Contemporain « en secret »
Rimbaud et Baudelaire traversent furtivement le roman, clin d’œil à cette époque charnière, aussi riche littérairement que politiquement, qui fascine David Bosc. Son premier livre publié était d’ailleurs un essai sur l’écrivain anarchiste Georges Darien, qui a vécu au tournant du siècle – auteur du Voleur, adapté au cinéma par Louis Malle. « C’était mon mémoire de Sciences Po, donné à un éditeur dans mon dos. Je ne l’aurais pas publié tel quel mais ça a été libérateur : mon premier livre était édité, j’avais perdu mon pucelage. » Suivra un pamphlet qui épingle l’aveuglement communiste d’Aragon. Mais Bosc ne se consacre aujourd’hui plus qu’à la fiction : « Il me semblerait vain de dire que Sollers est un escroc qui récupère Guy Debord, mieux vaut écrire des œuvres positives ! »
Lui qui savait à 12 ans qu’il voulait être écrivain n’a pas choisi les Lettres : « L’analyse textuelle m’ennuyait, elle livre des secrets de fabrication que je voulais ignorer. » Mais son univers, c’est les classiques, Pascal Quignard, Pierre Michon. Son style en témoigne : à la fois tenu et singulier, il oscille entre rythme et tournures à l’ampleur élégante et ruptures volontaires. Ses deux premiers romans aussi étaient très écrits, précise-t-il, même s’ils se déroulent dans les années 1980-90. « J’avais dit à un éditeur que mon écriture était “d’aujourd’hui, mais en secret” », sourit-il. Parus chez Allia, Sang lié (2005) et Milo (2009) portent une grande part d’autobiographie. « J’ai beaucoup apprécié le détachement que donne un sujet extérieur à soi. »

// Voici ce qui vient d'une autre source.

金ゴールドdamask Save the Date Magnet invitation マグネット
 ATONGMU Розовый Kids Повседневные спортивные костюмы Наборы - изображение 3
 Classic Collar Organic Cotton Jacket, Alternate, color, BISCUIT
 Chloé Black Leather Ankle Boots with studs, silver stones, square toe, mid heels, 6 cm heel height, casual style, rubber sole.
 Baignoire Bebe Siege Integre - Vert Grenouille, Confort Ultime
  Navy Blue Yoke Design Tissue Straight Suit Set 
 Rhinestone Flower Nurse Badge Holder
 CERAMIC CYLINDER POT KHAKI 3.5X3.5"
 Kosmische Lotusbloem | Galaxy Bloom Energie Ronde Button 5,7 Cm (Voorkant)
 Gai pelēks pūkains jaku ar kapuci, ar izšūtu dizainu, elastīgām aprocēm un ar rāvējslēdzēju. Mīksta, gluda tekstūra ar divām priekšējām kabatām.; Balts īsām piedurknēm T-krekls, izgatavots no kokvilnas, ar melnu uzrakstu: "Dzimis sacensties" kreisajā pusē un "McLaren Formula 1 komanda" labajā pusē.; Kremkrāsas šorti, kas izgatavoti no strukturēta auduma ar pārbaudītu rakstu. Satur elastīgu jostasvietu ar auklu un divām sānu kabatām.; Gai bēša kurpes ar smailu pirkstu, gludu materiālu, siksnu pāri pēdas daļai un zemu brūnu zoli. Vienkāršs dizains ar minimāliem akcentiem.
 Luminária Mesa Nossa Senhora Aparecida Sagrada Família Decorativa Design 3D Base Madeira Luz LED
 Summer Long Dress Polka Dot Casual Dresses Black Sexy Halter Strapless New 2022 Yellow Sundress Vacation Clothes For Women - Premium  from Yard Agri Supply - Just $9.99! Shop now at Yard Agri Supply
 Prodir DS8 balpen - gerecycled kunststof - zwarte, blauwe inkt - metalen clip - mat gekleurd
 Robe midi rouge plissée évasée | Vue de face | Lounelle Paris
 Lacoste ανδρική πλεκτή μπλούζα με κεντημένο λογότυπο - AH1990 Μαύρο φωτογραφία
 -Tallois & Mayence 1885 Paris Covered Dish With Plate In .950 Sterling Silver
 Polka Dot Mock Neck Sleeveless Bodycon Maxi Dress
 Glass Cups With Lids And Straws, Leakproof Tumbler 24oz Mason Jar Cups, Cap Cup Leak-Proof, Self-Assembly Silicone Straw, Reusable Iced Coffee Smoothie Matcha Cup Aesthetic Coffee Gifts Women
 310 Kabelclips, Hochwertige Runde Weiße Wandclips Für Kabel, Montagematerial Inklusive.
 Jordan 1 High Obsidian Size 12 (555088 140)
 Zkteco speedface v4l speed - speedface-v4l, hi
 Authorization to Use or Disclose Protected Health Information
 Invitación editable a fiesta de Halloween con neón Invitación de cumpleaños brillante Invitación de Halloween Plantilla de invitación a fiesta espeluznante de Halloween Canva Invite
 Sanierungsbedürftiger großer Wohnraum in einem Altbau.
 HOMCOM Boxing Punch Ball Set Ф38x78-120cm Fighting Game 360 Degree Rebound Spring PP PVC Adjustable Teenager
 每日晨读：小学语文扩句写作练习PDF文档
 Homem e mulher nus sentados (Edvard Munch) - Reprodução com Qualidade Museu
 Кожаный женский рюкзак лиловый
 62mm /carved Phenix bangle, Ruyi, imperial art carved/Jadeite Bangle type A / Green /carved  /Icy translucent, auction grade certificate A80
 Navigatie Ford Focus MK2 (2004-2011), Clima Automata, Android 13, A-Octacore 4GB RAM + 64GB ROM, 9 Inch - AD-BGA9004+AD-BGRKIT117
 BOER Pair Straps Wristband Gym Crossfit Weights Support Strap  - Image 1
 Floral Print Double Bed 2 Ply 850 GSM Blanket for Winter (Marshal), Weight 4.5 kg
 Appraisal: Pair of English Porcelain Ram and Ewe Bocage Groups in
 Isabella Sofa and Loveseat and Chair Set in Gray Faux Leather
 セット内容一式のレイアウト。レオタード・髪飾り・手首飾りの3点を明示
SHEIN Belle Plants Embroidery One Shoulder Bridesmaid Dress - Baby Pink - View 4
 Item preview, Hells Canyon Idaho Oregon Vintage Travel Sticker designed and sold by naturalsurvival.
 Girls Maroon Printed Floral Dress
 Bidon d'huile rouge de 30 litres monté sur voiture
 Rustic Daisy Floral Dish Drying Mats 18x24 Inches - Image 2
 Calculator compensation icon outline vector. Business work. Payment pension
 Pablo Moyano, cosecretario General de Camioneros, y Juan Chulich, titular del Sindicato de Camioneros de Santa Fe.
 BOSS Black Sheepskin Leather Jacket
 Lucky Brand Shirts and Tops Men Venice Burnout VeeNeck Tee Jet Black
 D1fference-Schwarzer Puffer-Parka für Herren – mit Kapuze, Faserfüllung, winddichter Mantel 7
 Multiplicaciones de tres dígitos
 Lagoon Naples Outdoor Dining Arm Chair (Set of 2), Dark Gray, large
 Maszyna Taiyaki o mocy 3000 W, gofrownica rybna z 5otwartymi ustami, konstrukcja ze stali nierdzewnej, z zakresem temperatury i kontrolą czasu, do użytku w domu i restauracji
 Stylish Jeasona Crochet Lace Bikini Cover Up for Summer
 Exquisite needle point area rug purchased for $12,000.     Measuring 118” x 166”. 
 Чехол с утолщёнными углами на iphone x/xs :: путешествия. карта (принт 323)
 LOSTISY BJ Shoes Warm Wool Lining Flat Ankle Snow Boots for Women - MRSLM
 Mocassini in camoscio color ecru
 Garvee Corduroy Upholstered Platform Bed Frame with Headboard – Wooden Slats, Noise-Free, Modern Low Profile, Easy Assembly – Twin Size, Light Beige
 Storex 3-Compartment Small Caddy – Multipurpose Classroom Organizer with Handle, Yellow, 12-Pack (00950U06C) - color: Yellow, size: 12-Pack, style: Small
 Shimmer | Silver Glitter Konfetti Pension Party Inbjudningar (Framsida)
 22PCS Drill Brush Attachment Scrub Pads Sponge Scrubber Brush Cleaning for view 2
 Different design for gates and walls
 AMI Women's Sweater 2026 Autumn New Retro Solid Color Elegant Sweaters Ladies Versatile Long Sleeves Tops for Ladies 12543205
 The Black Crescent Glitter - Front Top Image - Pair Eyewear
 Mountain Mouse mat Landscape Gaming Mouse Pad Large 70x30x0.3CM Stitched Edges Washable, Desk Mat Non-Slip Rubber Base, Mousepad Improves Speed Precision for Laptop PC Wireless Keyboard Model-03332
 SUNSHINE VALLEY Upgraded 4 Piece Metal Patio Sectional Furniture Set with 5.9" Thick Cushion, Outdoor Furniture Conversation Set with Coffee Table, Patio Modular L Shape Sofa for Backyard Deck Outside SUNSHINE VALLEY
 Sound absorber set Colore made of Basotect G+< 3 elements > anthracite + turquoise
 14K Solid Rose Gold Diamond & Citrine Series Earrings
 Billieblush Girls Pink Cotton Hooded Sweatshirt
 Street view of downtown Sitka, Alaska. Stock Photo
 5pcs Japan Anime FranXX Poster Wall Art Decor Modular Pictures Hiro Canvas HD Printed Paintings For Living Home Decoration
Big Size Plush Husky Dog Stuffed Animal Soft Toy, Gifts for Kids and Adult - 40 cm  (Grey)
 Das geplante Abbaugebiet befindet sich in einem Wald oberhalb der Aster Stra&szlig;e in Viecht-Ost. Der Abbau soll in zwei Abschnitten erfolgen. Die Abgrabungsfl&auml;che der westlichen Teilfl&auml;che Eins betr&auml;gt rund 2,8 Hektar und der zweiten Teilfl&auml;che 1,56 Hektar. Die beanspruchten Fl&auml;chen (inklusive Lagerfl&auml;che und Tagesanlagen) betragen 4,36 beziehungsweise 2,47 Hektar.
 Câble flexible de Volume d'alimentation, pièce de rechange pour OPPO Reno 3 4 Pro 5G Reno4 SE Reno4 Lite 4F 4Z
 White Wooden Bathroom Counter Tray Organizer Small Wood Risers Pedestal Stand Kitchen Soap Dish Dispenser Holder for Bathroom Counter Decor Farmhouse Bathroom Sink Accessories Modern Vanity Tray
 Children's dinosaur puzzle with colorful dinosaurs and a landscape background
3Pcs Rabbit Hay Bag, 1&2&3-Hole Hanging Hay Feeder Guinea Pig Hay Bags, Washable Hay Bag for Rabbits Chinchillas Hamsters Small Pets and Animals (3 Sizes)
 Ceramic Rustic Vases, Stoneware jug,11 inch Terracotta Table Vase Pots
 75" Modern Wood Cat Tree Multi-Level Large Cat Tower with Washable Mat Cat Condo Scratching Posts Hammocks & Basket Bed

David Bosc a aussi fait ses armes en traduisant de l’anglais la correspondance de Jonathan Swift (Journal de Holyhead, Sulliver, 2002) et de l’italien les Chants orphiques de Dino Campana (Allia, 2006), avant de travailler pour Noir sur Blanc, maison spécialisée dans les littératures de l’Est. Et au moment de prendre congé, on se dit que ce grand lecteur, pudique et posé, a décidément trouvé sa voix.